7.4       With regard to counsel's claim that the author was not effectively represented on appeal, the Committee notes that the author's legal representative on appeal conceded that there was no merit in the appeal. The Committee recalls its jurisprudence See inter alia, the Committee's Views in cases Nos. 734/1997 (Anthony McLeod v. Jamaica), adopted on 31 March 1998, paragraph 6.3; 537/1993 (Paul Anthony Kelly v. Jamaica), adopted on 17 July 1996, paragraph 9.5. that under article 14, paragraph 3(d), the court should ensure that the conduct of a case by a lawyer is not incompatible with the interest of justice. While it is not for the Committee to question counsel's professional judgement, the Committee considers that in any criminal proceedings and in particular in a a capital case, when counsel for the accused concedes that there is no merit in the appeal, the Court should ascertain whether counsel has consulted with the accused and informed him accordingly. If not, the Court must ensure that the accused is so informed and given an opportunity to engage other counsel. The Committee is of the opinion that in the instant case, Mr. Gallimore should have been informed that his legal aid counsel was not going to argue any grounds in support of his appeal, so that he could have considered any remaining options open to him. The Committee concludes that there has been a violation of article 14, paragraph 5, in respect to the author's appeal.

 

8.         The Human Rights Committee, acting under article 5, paragraph 4, of the Optional Protocol to the International Covenant on Civil and Political Rights, is of the view that the facts before it disclose violations of articles 7, 10, paragraph 1 and article 14, paragraphs 1, 3(d) and 5, of the Covenant.

 

9.         In accordance with article 2, paragraph 3 (a), of the Covenant, the State party is under an obligation to provide Mr. Gallimore with an effective remedy, including either reducing the non-parole period to the Ammendment Act's minimum of seven years, or reevaluating the non-parole period in a procedure that guarantees the enjoyment of the author's rights under article 14, or some other appropriate procedure.

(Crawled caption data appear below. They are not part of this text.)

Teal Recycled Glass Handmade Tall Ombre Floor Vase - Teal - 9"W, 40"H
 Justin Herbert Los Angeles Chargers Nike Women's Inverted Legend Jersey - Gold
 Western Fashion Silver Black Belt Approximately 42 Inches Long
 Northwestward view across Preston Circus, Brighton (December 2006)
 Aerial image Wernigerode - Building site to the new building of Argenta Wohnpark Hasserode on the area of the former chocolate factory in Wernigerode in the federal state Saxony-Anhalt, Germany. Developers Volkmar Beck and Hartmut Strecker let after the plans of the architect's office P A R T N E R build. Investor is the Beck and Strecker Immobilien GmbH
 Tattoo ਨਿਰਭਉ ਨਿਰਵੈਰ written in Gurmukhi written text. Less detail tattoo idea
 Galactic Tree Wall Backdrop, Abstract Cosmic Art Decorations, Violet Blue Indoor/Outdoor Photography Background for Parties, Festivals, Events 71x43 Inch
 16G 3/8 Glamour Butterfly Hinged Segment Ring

The State party is under an obligation to ensure that similar violations do not occur in the future.

 

10.       On becoming a State party to the Optional Protocol, Jamaica recognized the competence of the Committee to determine whether there has been a violation of the Covenant or not. This case was submitted for consideration before Jamaica's denunciation of the Optional Protocol became effective on 23 January 1998; in accordance with article 12(2) of the Optional Protocol the communication is subject to the continued application of the Optional Protocol. Pursuant to article 2 of the Covenant, the State party has undertaken to ensure to all individuals within its territory and subject to its jurisdiction the rights recognized in the Covenant and to provide an effective and enforceable remedy in case a violation has been established. The Committee wishes to receive from the State Party, within ninety days, information about the measures taken to give effect to the Committee's Views. The State party is also requested to publish the Committee's Views.

 

APPENDIX

 

INDIVIDUAL OPINION BY COMMITTEE MEMBER HIPÓLITO SOLARI YRIGOYEN (PARTLY DISSENTING)

 

I hold a dissenting opinion on paragraph 7.1. The author has made specific allegations of ill-treatment while detained in police custody and later in St. Catherine's Prison, where he suffered an injury to his hand which rendered it unusable for 17 days; according to his counsel, the prison authorities were apprised of the fact. The State party has provided no information on these claims, merely asking the Committee for further details: this is not proper in view of its obligation under article 4, paragraph 2, of the Optional Protocol. Nor has the Committee been informed whether any investigation into the matter was mounted. In the light of the foregoing, the Committee considers that account must be taken of the author's accusations, and that the treatment the author suffered, both in police custody and in prison, violates articles 7 and 10, paragraph 1, of the Covenant.